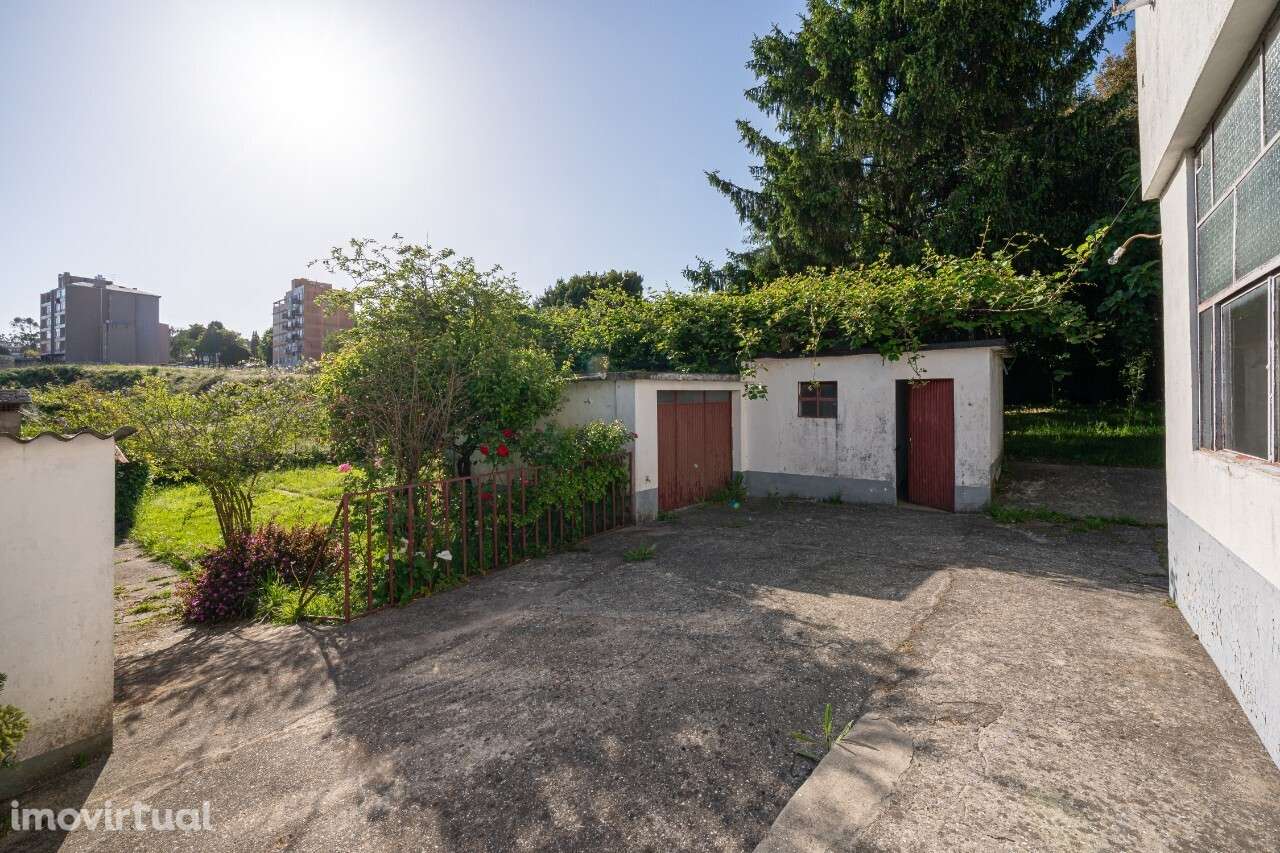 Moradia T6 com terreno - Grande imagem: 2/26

────────────────────

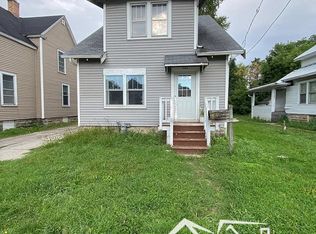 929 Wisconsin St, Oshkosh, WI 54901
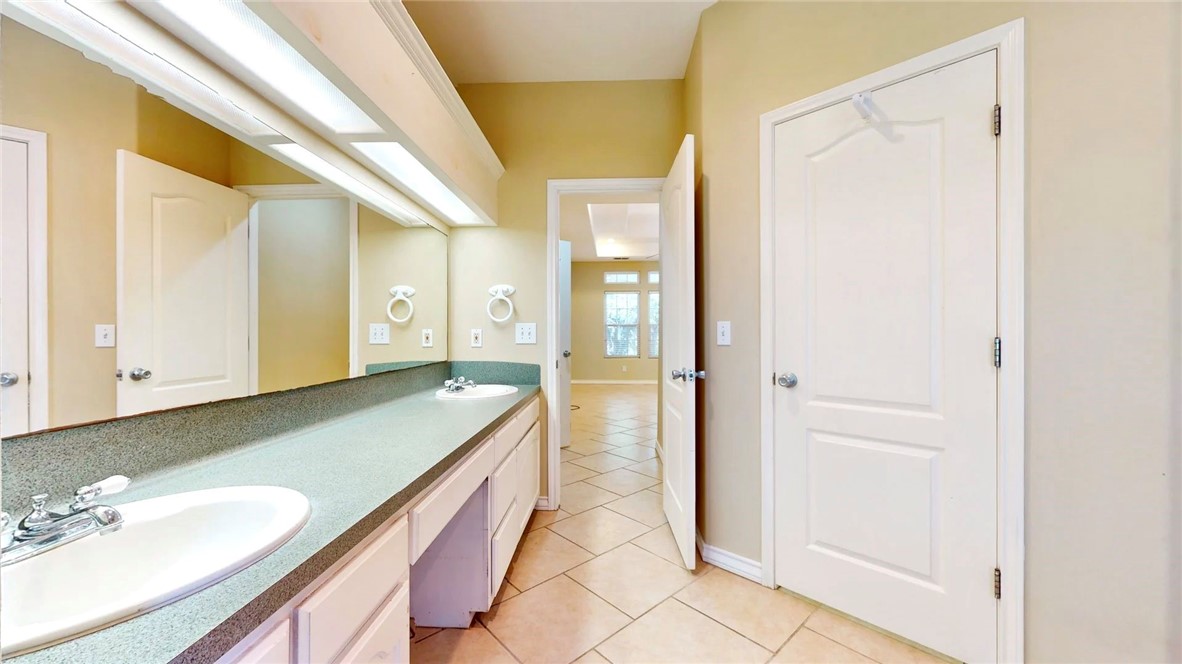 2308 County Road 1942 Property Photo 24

────────────────────

**WHAT IS REQUIRED:** Out of the records above, set down only the lines from the one that contains "929 Wisconsin St, Oshkosh, WI 54901" through the one that contains "2308 County Road 1942 Property Photo 24", unchanged and without the pictures.

**WORKED SOLUTION:**
 929 Wisconsin St, Oshkosh, WI 54901
 2308 County Road 1942 Property Photo 24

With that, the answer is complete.